Indexes on Partitioned Tables/分区表上的索引
An index normally points to a row in a physical segment (a table). But a partitioned table consists of multiple physical segments, so the index structures and the data contained within the index need to be slightly different for partitioned tables. If the index spans all partitions, what happens when we perform maintenance on a single partition, such as dropping it? What happens to the index entries that reference the now dropped partition?
关键点:
- 全局的
索引跨越所有分区,这意味着每个索引条目的 ROWID 更大,以引用分区(数据库对象)以及行在该分区中的位置 - 维护
修改表分区(截断、拆分、合并、删除等)可以将索引标记为 UNUSABLE 状态。默认情况下,发生这种情况时不会引发任何错误,您的查询计划只是不再使用索引。UPDATE INDEXES 子句在这里可能是有益的 - 异步
在 12c 及更高版本中,DROP 和 TRUNCATE 分区维护对全局索引的影响较小,因为索引清理是在后台完成的。此特性对大量数据删除有用
分区表如果使用传统的索引,即全局索引,则删除分区时,索引状态为变为UNUSABLE。
你可以在删除分区同时更新索引:
alter table <table_name> drop partition <partition_name> update index;
跳过不可用索引默认设置为TRUE:
SQL> show parameter skip
NAME TYPE VALUE
------------------------------------ ----------- ------------------------------
skip_unusable_indexes boolean TRUE
全局索引不仅要记录rowid,还需记录分区所在的segment ID。即extended rowid。
ROWID是虚拟列,占用10个字节:
SQL> select rowid, vsize(rowid), dump(rowid) from part where rownum <2;
ROWID VSIZE(ROWID)
------------------ ------------
DUMP(ROWID)
--------------------------------------------------------------------------------
AAASNxAAMAAAAGDAAA 10
Typ=69 Len=10: 0,1,35,113,3,0,1,131,0,0
Locally Partitioned Indexes/本地分区索引
An index can be equipartitioned with its underlying table. Such an index is known as a local index(可以与global ). Local indexes can have significantly benefits when it comes to Information Lifecycle Management (ILM). Because table partitions operations such as TRUNCATE and DROP and isolated to a single index partition, the remainder of the index remains available and never needs unncessary maintenance. Local indexes are also lend themselves to easier partition exchange which is a useful technique for either archiving old data or introducing new data into a partitioned table with zero downtime.

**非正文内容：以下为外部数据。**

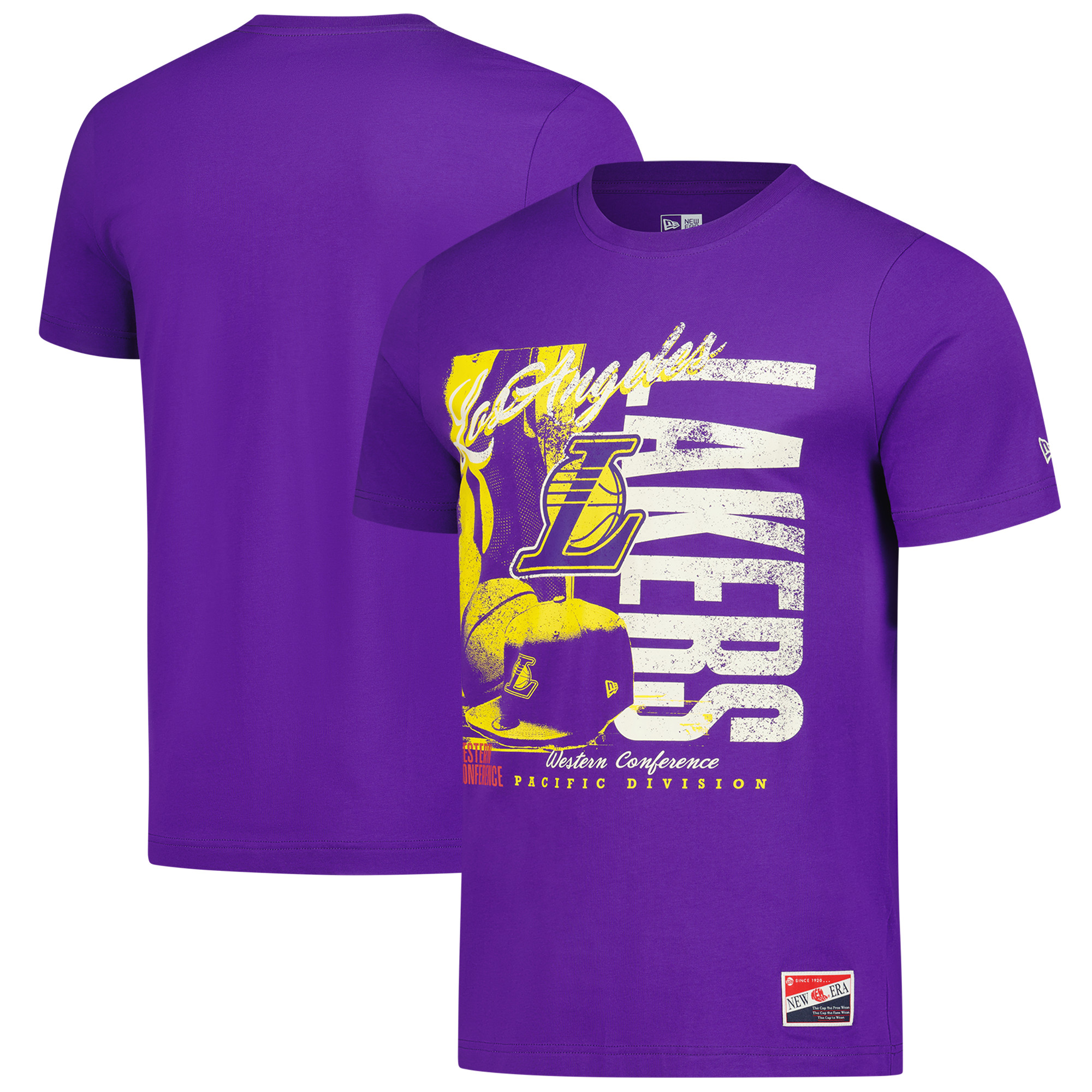 Men's New Era Purple Los Angeles Lakers Distressed Throwback Vintage Color Pack T-Shirt
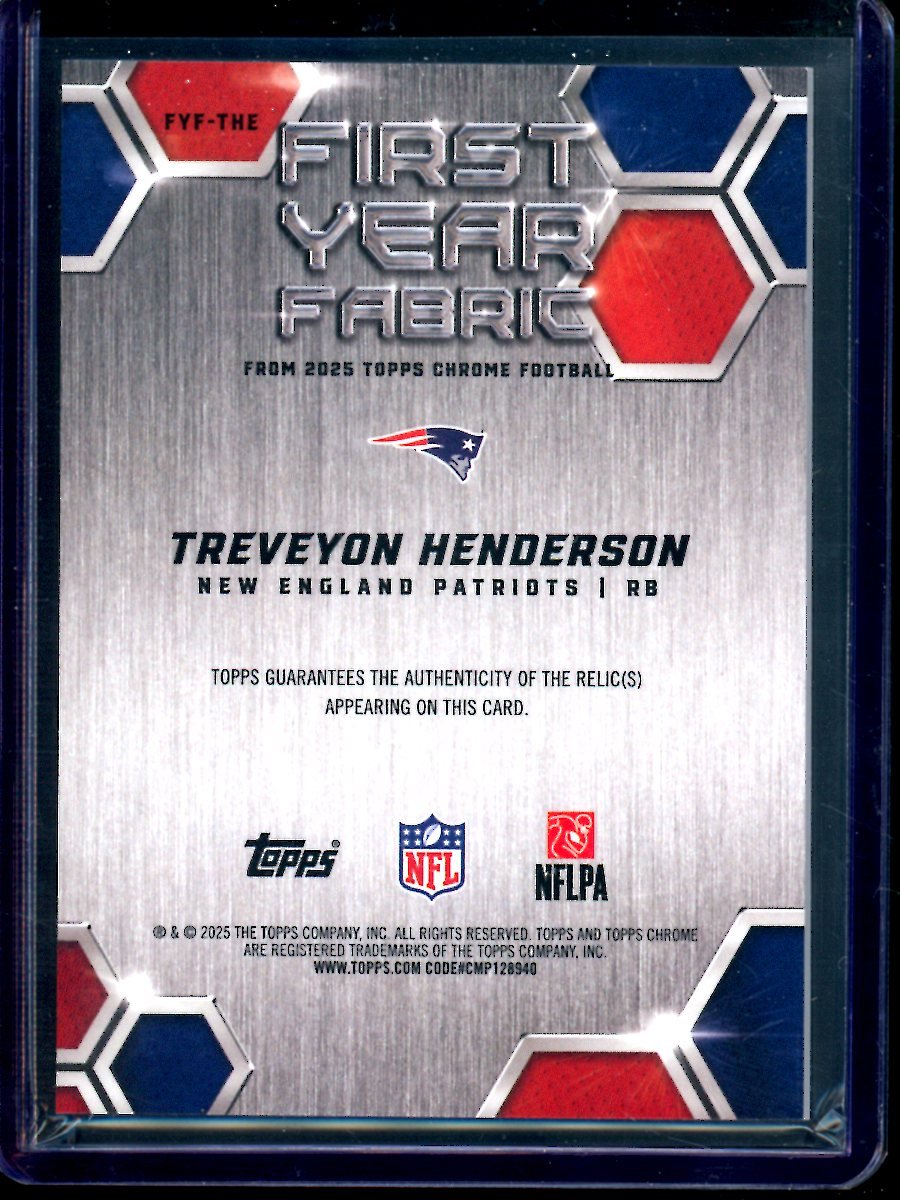 2025 Topps Chrome Treveyon Henderson First Year Fabric Rookie Patriots - Trading Card Market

全局分区索引(或全局索引)是一个index segment映射多个table partition segment。而本地分区索引(或本地索引)则是index segment与table partition segment一一对应。本地索引相相当于对索引进行了分区。
如果此时删除一个分区,则相应的本地分区索引也被删除,其他的分区和索引均无影响。
create table sales
(
tstamp date not null,
empno number(10) not null,
amount number(10) not null
)
partition by range (tstamp)
interval (numtoyminterval(1, 'YEAR'))
(
partition p2009 values less than (DATE '2010-01-01'),
partition p2010 values less than (DATE '2011-01-01'),
partition p2011 values less than (DATE '2012-01-01'),
partition p2012 values less than (DATE '2013-01-01')
);
create index sales_ix on sales(tstamp) local;
insert into sales values(DATE '2010-01-01', 100, 100);
insert into sales values(DATE '2011-01-01', 200, 200);
insert into sales values(DATE '2012-01-01', 300, 300);
alter table sales drop partition p2009;
select partition_name, status from user_ind_partitions
where index_name = 'SALES_IX';
输出如下,可以看到删除分区后,其它分区的索引仍可用:
PARTITION_NAME STATUS
P2010 USABLE
P2011 USABLE
P2012 USABLE
3 rows selected.
有了本地索引,ILM会变得更方便:
alter table sales move partition p2010 compress;
alter table sales move partition p2010 tablespace ts_archive;
-- 这样RMAN就不会反复备份
alter tablespace ts_lowperformance read only;
alter table sales modify partition p2010 unusable local indexes;
alter table sales modify partition p2010 indexing off;
将较老的分区禁止本地索引,是因为这些老的数据大多用于分析。当然也有将当前分区禁止索引的,这适用于使用Database In-Memory的情形。
exchange partition就不介绍了。
Local versus Global Indexes/本地与全局索引
The previous two videos discuss several apparent limitations of global indexes and plenty of advantages of local indexes. This seems to suggest that local indexes should always be used in preference to global indexes. This is not the case, and each indexing technique should be employed to best match the application requirements you have. A local index can be the absolutely wrong choice for particular kinds of queries. However, sometimes you may need to choose some design compromises if you want to get the best of both worlds - partition independence but still with solid declarative database design.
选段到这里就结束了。